An exact copy of the lines, starting at the top of the listing and ending with the line that has "把C罗换成凯恩 葡萄牙能夺冠吗", is the required answer. Pictures are not part of it.

* * *

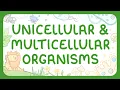 Biology - Unicellular vs Multicellular Organisms Middle School Science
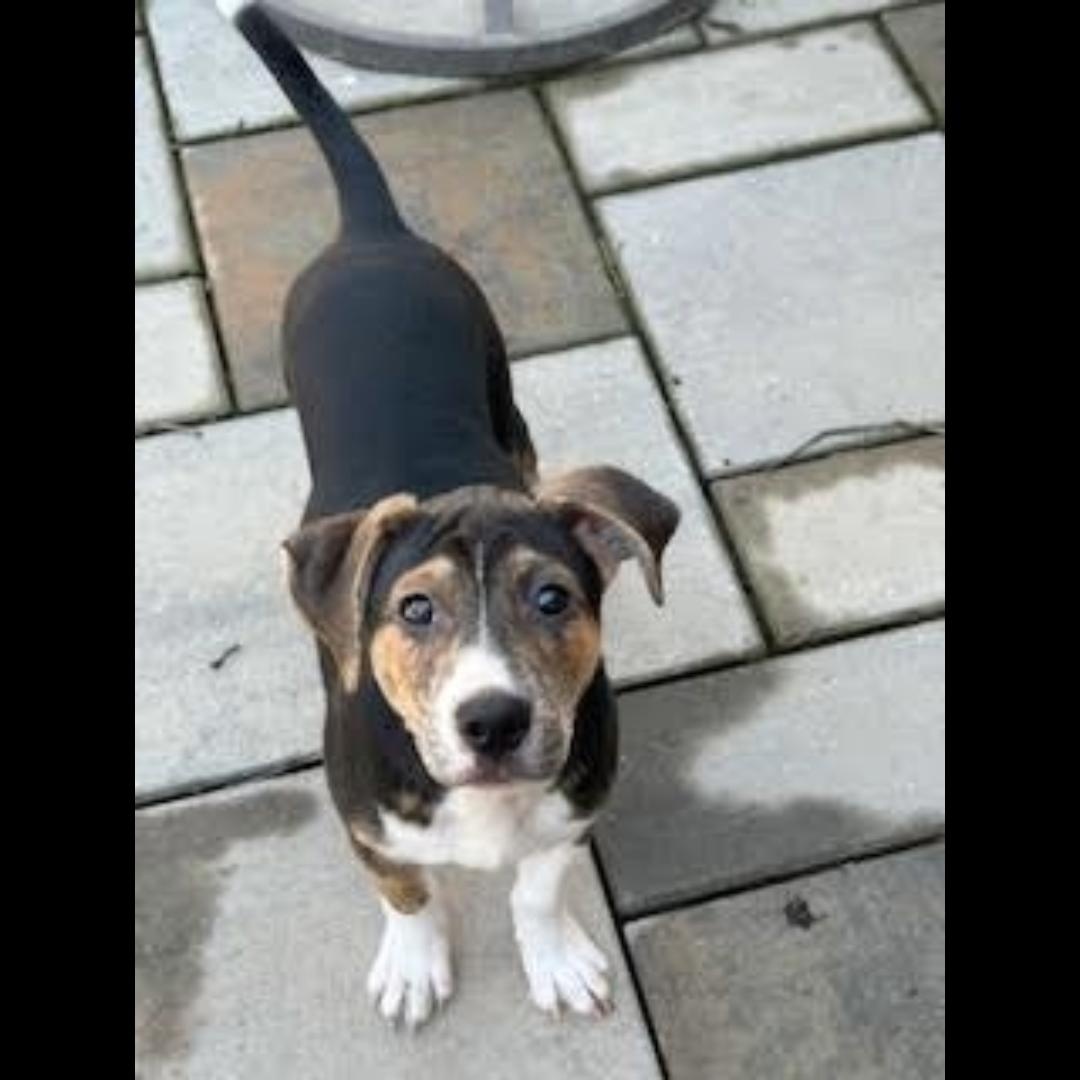 Danbury, a Adoptable mixed breed in Midlothian, VA image 5/6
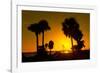 Silhouette Palm Trees at Sunset-Philippe Hugonnard-Framed Photographic Print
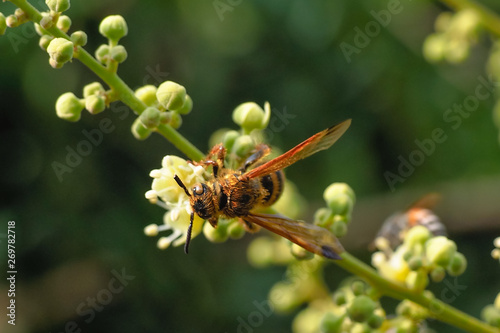 bee on flower © จิตรกร เนาเหนียว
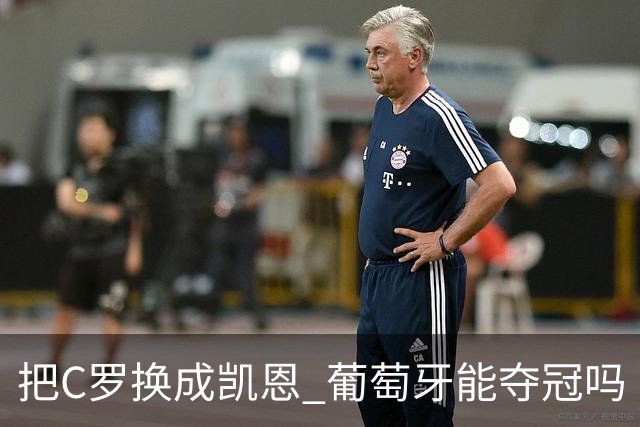 把C罗换成凯恩 葡萄牙能夺冠吗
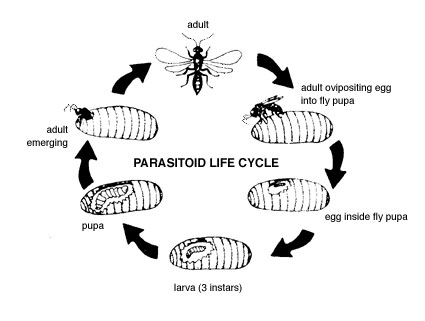 Parisitoid Life Cycle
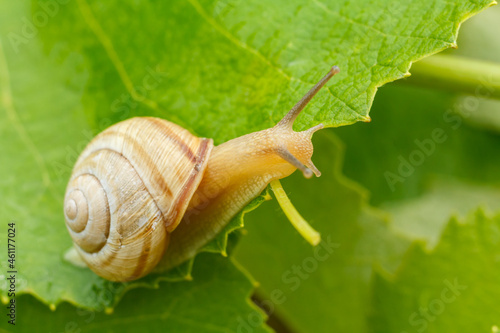 Close-up view of snail on green leaf.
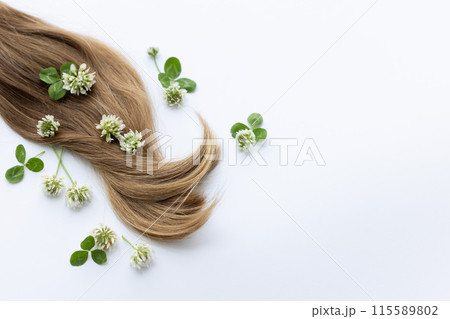 Female long hair with white clover flowers. on a white background with copy space. Female long hair with white clover flowers. on a white background with copy space. 115589802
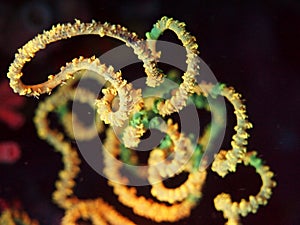 Wire Coral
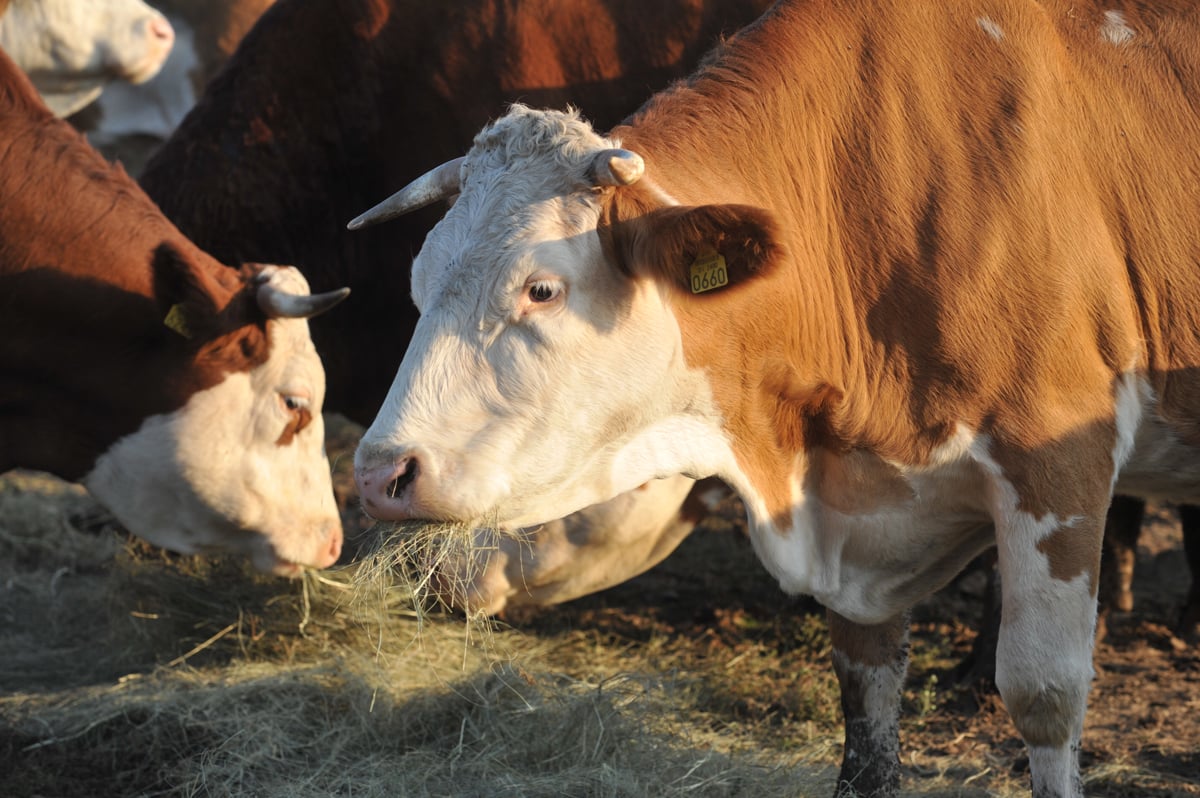 Toni Balažič, prvi mož Panvite: Nimamo mesa iz sporne poljske klavnice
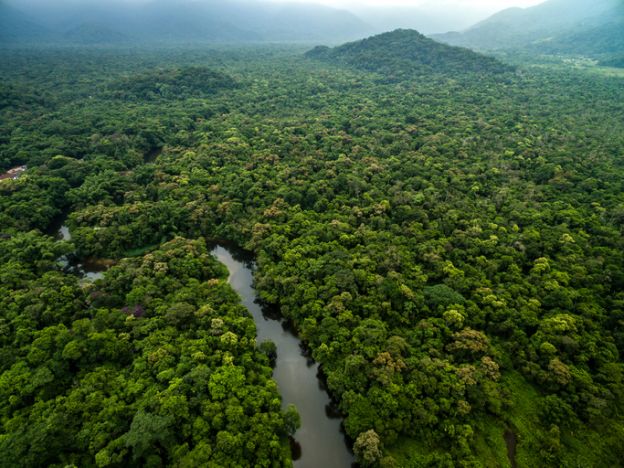 cuidas el ambiente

* * *

RESPONSE FOR THIS EXERCISE:
 Biology - Unicellular vs Multicellular Organisms Middle School Science
 Danbury, a Adoptable mixed breed in Midlothian, VA image 5/6
 Silhouette Palm Trees at Sunset-Philippe Hugonnard-Framed Photographic Print
 bee on flower © จิตรกร เนาเหนียว
 把C罗换成凯恩 葡萄牙能夺冠吗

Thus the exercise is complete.